Each step writes to the unit's review manifest (manifests/units/<id>.json):

{
  "unit_id": "01.01.03",
  "reviews": [
    {
      "role": "mathematical-reviewer-llm",
      "pass": true,
      "flags": [],
      "reviewer": "claude-opus-4-7",
      "timestamp": "..."
    },
    {
      "role": "mathematical-reviewer-human",
      "pass": true,
      "flags": [],
      "reviewer": "Dr. X",
      "timestamp": "..."
    }
  ],
  "status": "approved"
}

5. Escalation for no-reviewer-available

When a unit needs expert review but no expert is available:

Unit stays in review state. Do not ship draft content.
A gap entry is added to manifests/review-gaps.json with the subject area + tier + expertise needed.
Production of units downstream of this one (in the DAG) continues; they will cite this unit as a pending prereq if referenced.
When the expert is found, unit gets reviewed retroactively.
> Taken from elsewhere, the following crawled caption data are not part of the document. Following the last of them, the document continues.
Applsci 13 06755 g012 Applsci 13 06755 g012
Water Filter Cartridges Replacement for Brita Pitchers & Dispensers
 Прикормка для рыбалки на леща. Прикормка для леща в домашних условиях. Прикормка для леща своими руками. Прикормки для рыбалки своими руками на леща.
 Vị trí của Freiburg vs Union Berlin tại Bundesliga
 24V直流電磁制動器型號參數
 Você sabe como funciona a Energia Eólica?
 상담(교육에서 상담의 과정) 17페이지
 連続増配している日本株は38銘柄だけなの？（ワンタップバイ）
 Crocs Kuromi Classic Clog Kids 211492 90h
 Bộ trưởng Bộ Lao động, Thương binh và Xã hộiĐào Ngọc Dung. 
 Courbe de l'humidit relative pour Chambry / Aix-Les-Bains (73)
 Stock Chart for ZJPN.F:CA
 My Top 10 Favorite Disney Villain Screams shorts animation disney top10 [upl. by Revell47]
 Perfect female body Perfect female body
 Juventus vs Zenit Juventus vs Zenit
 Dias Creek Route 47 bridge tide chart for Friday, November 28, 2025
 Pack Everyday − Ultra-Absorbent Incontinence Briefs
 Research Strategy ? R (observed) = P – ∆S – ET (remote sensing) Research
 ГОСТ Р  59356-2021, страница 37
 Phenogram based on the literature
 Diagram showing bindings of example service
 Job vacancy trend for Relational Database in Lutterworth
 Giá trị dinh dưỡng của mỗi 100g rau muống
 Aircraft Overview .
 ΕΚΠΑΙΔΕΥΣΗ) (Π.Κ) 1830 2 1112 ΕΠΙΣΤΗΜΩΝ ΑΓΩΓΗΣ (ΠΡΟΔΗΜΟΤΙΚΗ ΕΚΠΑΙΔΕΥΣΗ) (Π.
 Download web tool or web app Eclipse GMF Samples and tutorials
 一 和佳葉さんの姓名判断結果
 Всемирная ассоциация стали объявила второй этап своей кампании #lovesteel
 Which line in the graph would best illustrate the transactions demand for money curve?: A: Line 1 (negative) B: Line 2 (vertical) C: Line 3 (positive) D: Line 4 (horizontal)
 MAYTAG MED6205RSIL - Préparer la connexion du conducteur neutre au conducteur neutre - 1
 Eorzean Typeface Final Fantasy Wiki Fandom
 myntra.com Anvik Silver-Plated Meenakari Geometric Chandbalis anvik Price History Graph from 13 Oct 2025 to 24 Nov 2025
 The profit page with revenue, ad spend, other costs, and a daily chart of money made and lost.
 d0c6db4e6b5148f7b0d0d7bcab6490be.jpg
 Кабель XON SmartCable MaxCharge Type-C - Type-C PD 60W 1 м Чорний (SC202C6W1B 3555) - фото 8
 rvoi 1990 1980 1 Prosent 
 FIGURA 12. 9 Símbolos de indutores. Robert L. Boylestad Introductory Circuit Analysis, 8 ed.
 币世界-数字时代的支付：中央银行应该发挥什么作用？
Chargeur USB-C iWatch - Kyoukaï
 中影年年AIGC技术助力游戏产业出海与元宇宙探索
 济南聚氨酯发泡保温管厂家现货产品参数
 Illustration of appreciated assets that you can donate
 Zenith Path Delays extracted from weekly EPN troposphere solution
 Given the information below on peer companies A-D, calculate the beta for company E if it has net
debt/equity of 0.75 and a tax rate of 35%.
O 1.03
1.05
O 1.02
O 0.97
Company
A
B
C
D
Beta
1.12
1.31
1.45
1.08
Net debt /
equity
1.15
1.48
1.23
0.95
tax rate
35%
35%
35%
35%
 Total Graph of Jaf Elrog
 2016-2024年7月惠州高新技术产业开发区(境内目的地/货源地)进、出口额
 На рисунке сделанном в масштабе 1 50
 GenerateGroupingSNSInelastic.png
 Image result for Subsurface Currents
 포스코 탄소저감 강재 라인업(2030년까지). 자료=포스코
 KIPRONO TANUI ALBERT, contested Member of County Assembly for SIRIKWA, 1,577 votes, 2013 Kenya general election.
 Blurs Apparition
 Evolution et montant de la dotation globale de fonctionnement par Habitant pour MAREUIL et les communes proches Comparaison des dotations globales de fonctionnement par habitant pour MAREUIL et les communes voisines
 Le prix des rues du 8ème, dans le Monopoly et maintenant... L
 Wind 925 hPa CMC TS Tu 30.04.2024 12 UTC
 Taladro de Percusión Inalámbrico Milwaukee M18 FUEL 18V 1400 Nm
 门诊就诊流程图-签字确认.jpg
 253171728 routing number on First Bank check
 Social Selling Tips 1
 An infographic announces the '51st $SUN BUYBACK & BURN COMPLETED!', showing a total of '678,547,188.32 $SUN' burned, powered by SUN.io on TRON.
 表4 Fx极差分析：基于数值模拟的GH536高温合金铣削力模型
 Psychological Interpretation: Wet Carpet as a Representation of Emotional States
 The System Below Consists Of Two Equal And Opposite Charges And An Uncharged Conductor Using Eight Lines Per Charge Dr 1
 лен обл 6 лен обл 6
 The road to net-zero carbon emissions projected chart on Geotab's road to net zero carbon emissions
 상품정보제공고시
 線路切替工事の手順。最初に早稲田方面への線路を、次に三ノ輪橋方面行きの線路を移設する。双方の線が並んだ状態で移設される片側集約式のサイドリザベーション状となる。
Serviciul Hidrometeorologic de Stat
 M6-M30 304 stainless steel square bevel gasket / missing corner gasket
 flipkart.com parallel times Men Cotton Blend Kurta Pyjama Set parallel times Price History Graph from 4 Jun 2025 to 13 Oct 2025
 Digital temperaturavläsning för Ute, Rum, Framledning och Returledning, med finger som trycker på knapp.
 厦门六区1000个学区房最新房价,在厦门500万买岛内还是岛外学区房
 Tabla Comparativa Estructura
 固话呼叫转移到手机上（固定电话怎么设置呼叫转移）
Do not ship unreviewed Master-tier content just to hit a production target. Quality debt at Master-tier destroys trust.

6. Known risks

Correlated LLM review errors: two different prompts may still share failure modes. Mitigated by 10% human spot-check as a regression signal + diverse model roster (mix Claude, GPT, Gemini).
Expert review inconsistency: different reviewers apply the rubric differently. Mitigated by explicit checklist rubric (not holistic judgment) + calibration pass (all reviewers first review the same unit, discrepancies discussed).
Bus factor: Tyler as sole Master-tier reviewer for certain subjects. Mitigated by recruiting ≥1 co-reviewer per subject area before scaling that subject.

7. v0.x pilot concrete plan

Unit	Likely reviewer	Backup
(apex 1–10, TBD in PILOT_PLAN)	Tyler for topics he's fluent in	Recruit 2 collaborators before pilot completion

Tyler: list the 10 pilot apex units here with self-confidence rating (Green = can review, Yellow = can review with effort, Red = need outside expert) once docs/plans/PILOT_PLAN.md names them. Recruitment for Red units starts before that unit enters review.

This is a living document. Update as reviewer roster grows and as the review process reveals failure modes.